There are several ways to call elements of a vector. One of the more useful options is to use a vector that is of the same length but only contains the values TRUE and FALSE:
> x[c(FALSE, TRUE, TRUE)] [1] 5 4
Only the elements that correspond to a TRUE value are returned. A TRUE/FALSE vector is known as a Boolean vector.
There are a few tricks to working with vectors that will ease manipulation. For instance, pick two integers and call them integer1 and integer2. Then integer1:integer2 returns a vector listing integer1 to integer2 with steps of 1:
> 1:30 [1] 1 2 3 4 5 6 7 8 9 10 11 12 13 14 15 16 17 18 19 [20] 20 21 22 23 24 25 26 27 28 29 30 > 1:-5 [1] 1 0 -1 -2 -3 -4 -5
Some other useful functions include seq() (sequence) and rep() (repeat):
> seq(0, 4, 0.5) [1] 0.0 0.5 1.0 1.5 2.0 2.5 3.0 3.5 4.0 > rep(5, 3) [1] 5 5 5
Finally, logical expressions will return a vector:
> x > 2 [1] FALSE TRUE TRUE
These logical expressions can come in very handy when only a part of a vector is needed. For example, if only elements that are greater than 2 in x are of interest, then use the following command:
> x[x > 2] [1] 5 4
Because the second and third elements were TRUE, their values were returned.
This section has not been completed.
A data frame is essentially a matrix that is allowed to have different variable types in each column (a single column must contain only one variable type). Data is typically imported as a data frameThis is usually the variable type that data is after it is imported. To load a data frame from a file in the current folder, recall that the following command may be used (this command also stores the data frame into the variable dt):
> dt <- read.table("data_file.txt",header=T,sep="\t")
It is often convenient to have access to each column of the data separately. Suppose the column names of dt are age and height.
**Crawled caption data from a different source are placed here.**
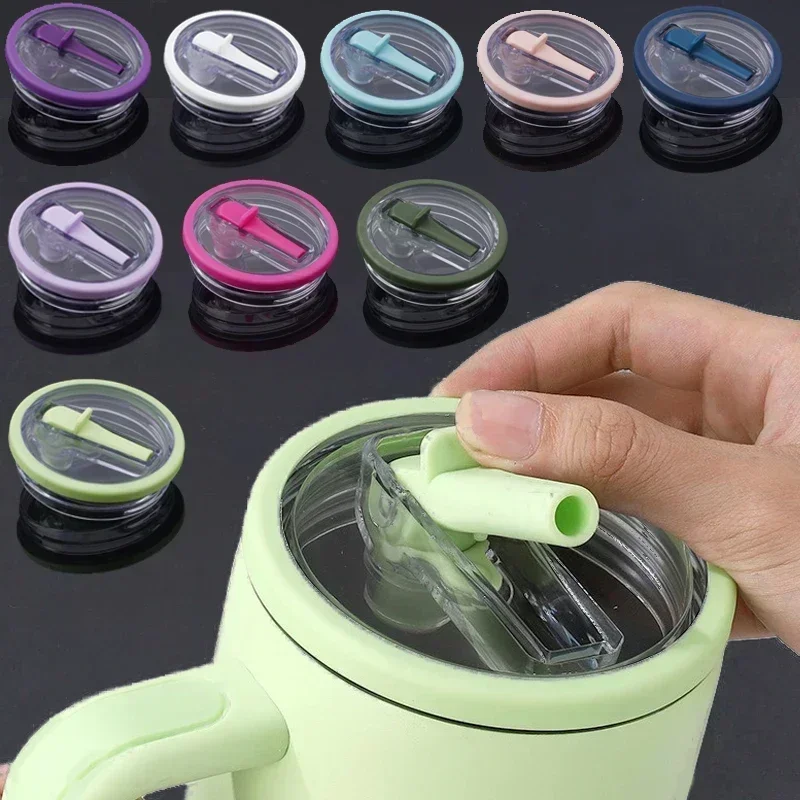 40 Oz Tumbler Flip Straw Lid Replacement Fit for Cup Leak-Proof Spray Proof Tumbler Top Replacement Reusable Tumbler Cover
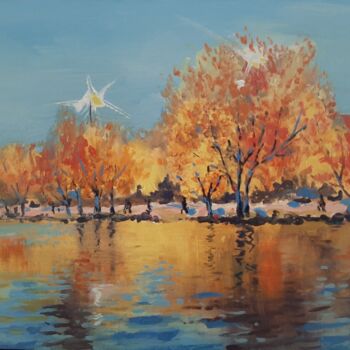 Peinture intitulée "Autumn Landscape 04" par Garry Arzumanyan, Œuvre d'art originale, Huile Monté sur Châssis en bois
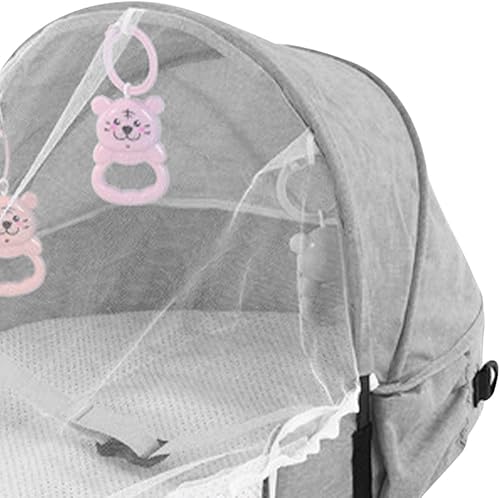 Miniatura 6 de Cuna de viaje plegable, cuna de viaje portátil para bebé, cortina de gran capacidad para exteriores (gris)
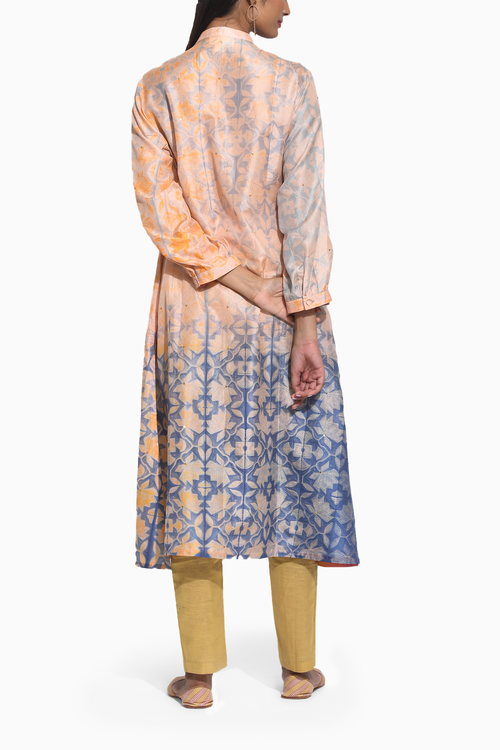 Peach Grey Geometric Flower with Sequins Kurta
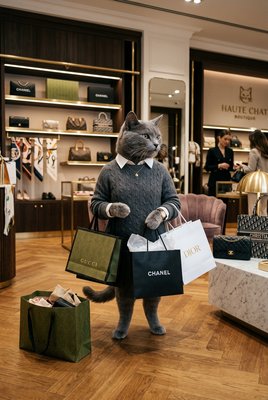Fashionable Gray Cat
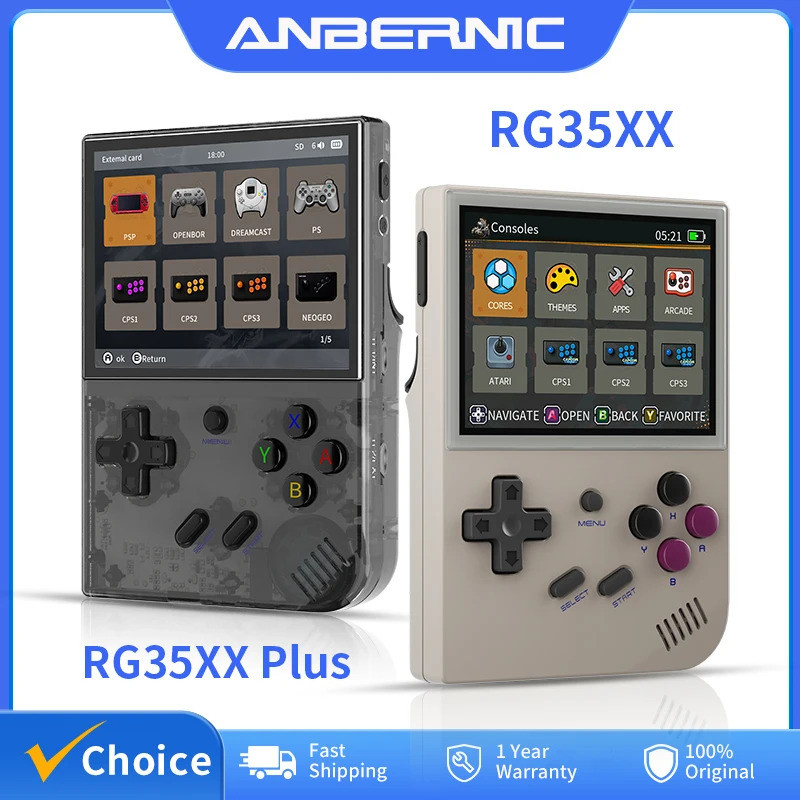 ANBERNIC RG35XX Plus/RG35XX Retro คอนโซลเกมมือถือ 3.5′ หน้าจอ IPS Linux เครื่องเล่นวิดีโอแบบพกพารองร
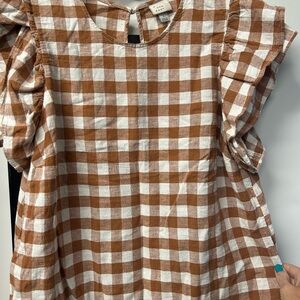 a new day Brown and White Checkered Blouse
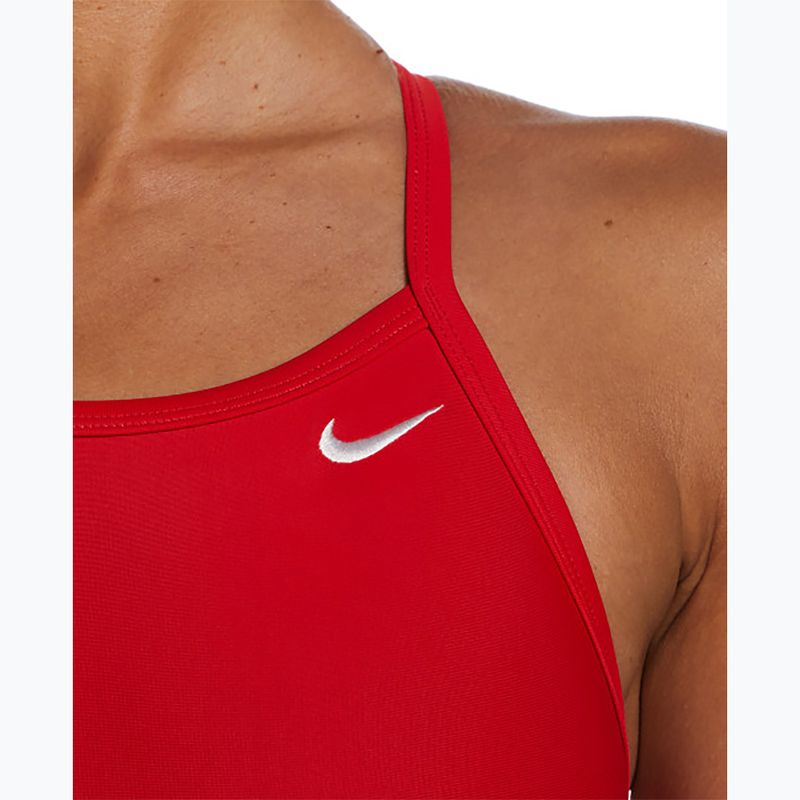Жіночий злитий купальник Nike Solid Racerback університетський червоний 4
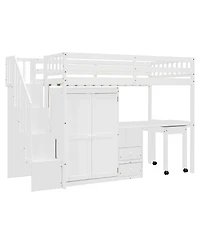 Streamdale Furniture Kids & Teens Loft Bed with Stairs, Storage, and Desk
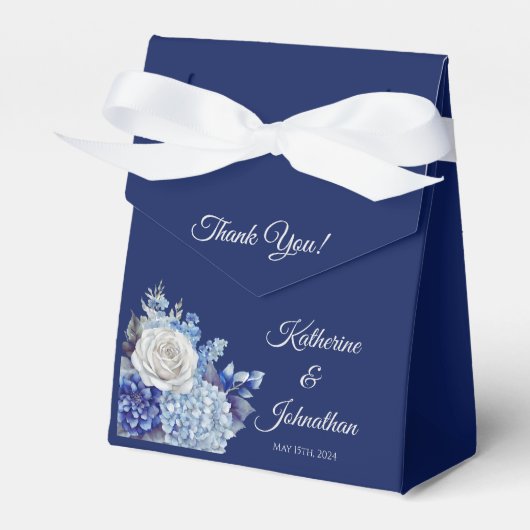 Watercolor Blue Blume Bouquet-Wedding Vielen Dank Geschenkschachtel (Vorderseite)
To make these two columns available, the data must be attached:
> attach(dt)
Now the columns can be accessed by their names.
> height [1] 62 60 69 67 71 66 68
(In this example, there are only 7 rows in the data frame so there are only 7 entries in height.) Notice that height is treated like a vector now. To detach data, use the function detach() and specify the data frame to be detached.
To look at all of the variables that have been created, use the command ls(). This will create a list containing the variables in the workspace. To remove a variable that is no longer needed, use rm():
> x [1] 1 5 4 > rm(x) > x Error: object "x" not found
To clear all variables from R's memory, use rm(list=ls()).